Your objective: Down to the last line of the listing, starting at the one with "Dullstroom to host", retype each line exactly. Do not copy the pictures.

Raw data:

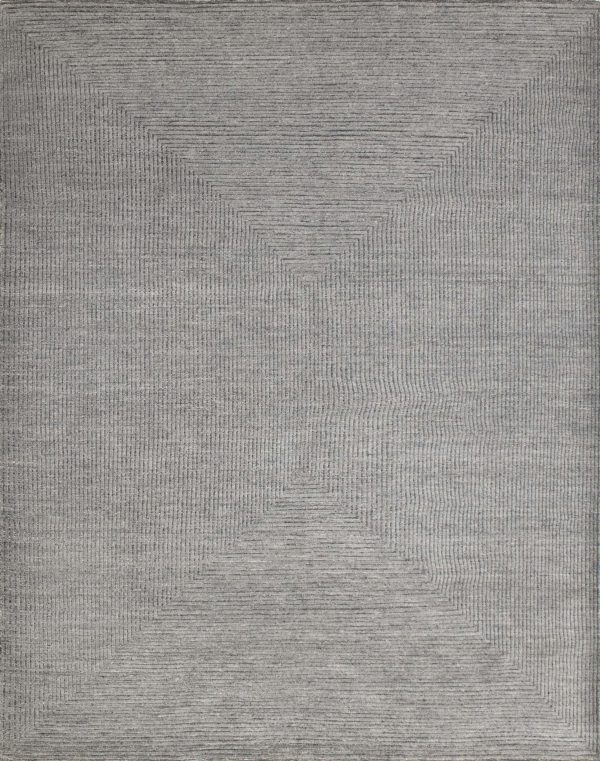 Maze (Grey Charcoal)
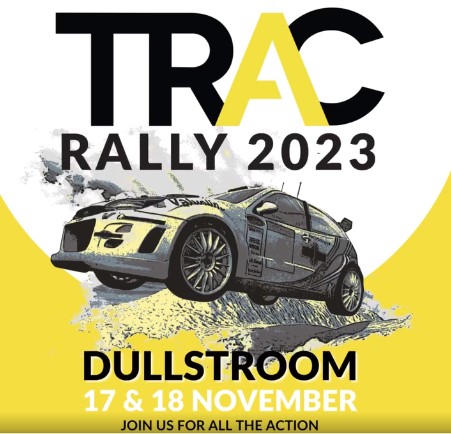 Dullstroom to host the 2023 TRACN4 National Rally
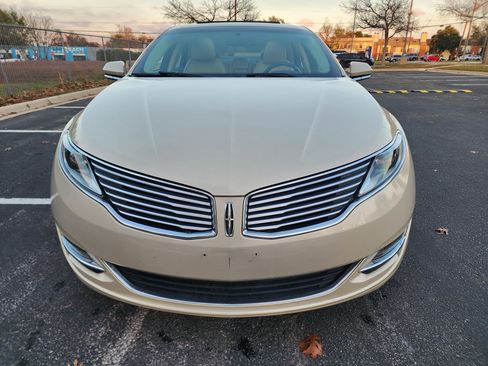 Used 2014 Lincoln MKZ Hybrid w/ Equipment Group 202A Reserve image 2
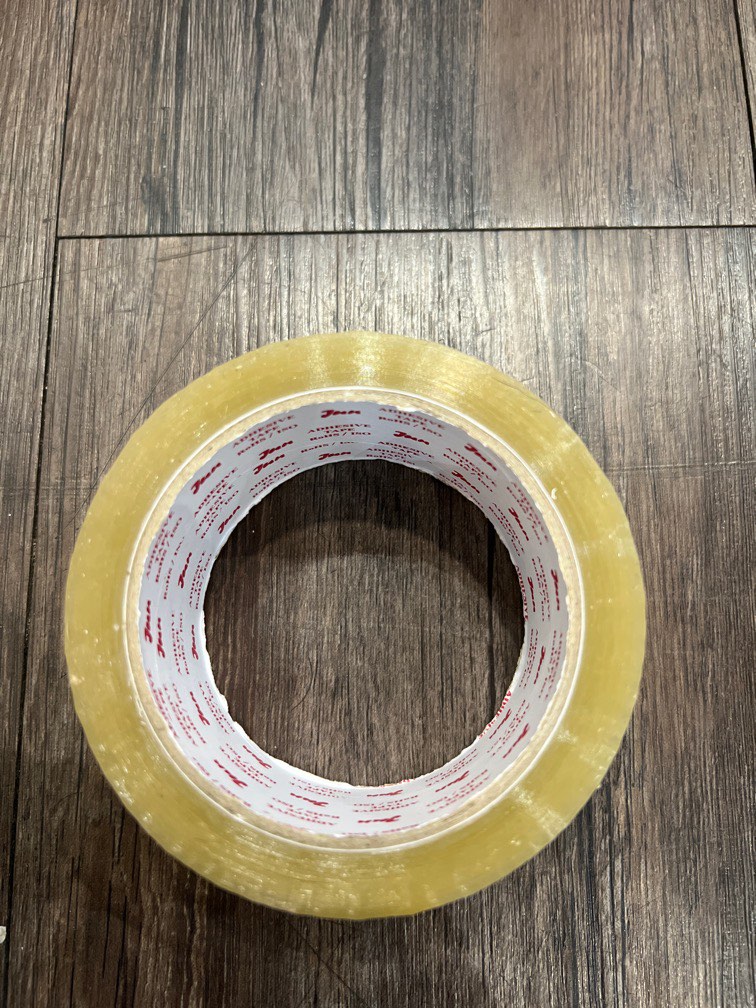 Transparent Tape, Hobbies & Toys, Stationery & Craft, Stationery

Result of the task:
 Dullstroom to host the 2023 TRACN4 National Rally
 Used 2014 Lincoln MKZ Hybrid w/ Equipment Group 202A Reserve image 2
 Transparent Tape, Hobbies & Toys, Stationery & Craft, Stationery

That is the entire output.